The remote higher reaches of the UNESCO-designated Sinharaja Man and Biosphere reserve are located at the union of three southern districts; Ratnapura, Galle and Mattara. It’s an area that you hear about more often than visit and, like most Colombo-based bird watchers and wildlife enthusiasts, I had focused my past visits on the western Kudawa side. Last week our family had a unique opportunity to explore and visit the eastern portions of Sinharaja above the small settlement of Viharahenaa.

In the east the Ruakwana Hills that host Sinharaja rise up to 1,150+ meters and the dominant vegetation type is montane forest, rather than lowland tropical rainforest.

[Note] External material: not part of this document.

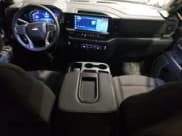 ✅ 2025 Chevrolet Silverado 1500 • VIN: 3GCPKDEK5SG134768 • Лот: 70582685. Опубликован ранее на Copart с пробегом 33 625 миль. Бесплатный доступ к архиву аукционных продаж из США и подробный отчёт об истории автомобиля на DreamBid. Изображение 8.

This is one of the wettest areas in the country with annual rainfall falling in a range of 3,600-5,000 mm. However, just a few kilometers eastwards and the climate reverts to the dry zone! The natural vegetation and contours of the land are reminiscent of the wind swept forests that cloak the Peak Wilderness and Horton Plains areas in the Central Highlands. Emergent trees have exquisite, gnarled branches. There are also interesting parallels to the evergreen rainforests of Kakachi in the Ashambu Hills in the southernmost Western Ghats.

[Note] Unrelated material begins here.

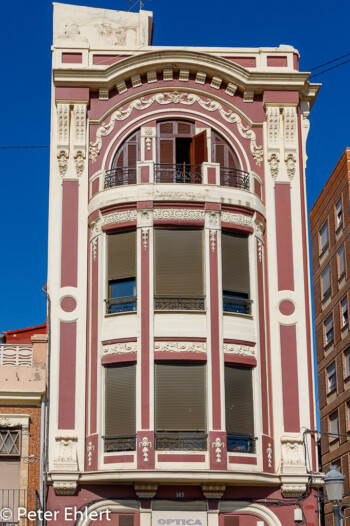 Rotes Haus  Valencia Provinz Valencia Spanien by Peter Ehlert in Valencia_Cabanyal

Several years ago our family circumnavigated the northern border of Sinharaja, passing from Rakwana around the eastern border and Suriyakanda to Deniyaya. At that time we had glimpses of the higher forests but we were unable to explore into the area. The Forest Department maintains a bungalow at an area called Morningside and it remains an intriguing destination to get to. It has been notable for the number of new amphibian species that have been discovered by University of Peradeniya researchers (see Froglog and the The Island for details). Suiyakanda is visible from afar because of a series of transmission towers that crown it. It lies beyond the Sinharaja PA boundaries but there is still significant undisturbed forest in its vicinity. In the last year there has been a flurry of articles in the Sri Lankan press related to a controversial road that is being built connecting Suiyakanda to Kalawana (see the Sunday Leader and Sunday Times).

Google Earth Pro map of Sinharaja area with Forest Department PA boundary overlaid. Significant points are tagged.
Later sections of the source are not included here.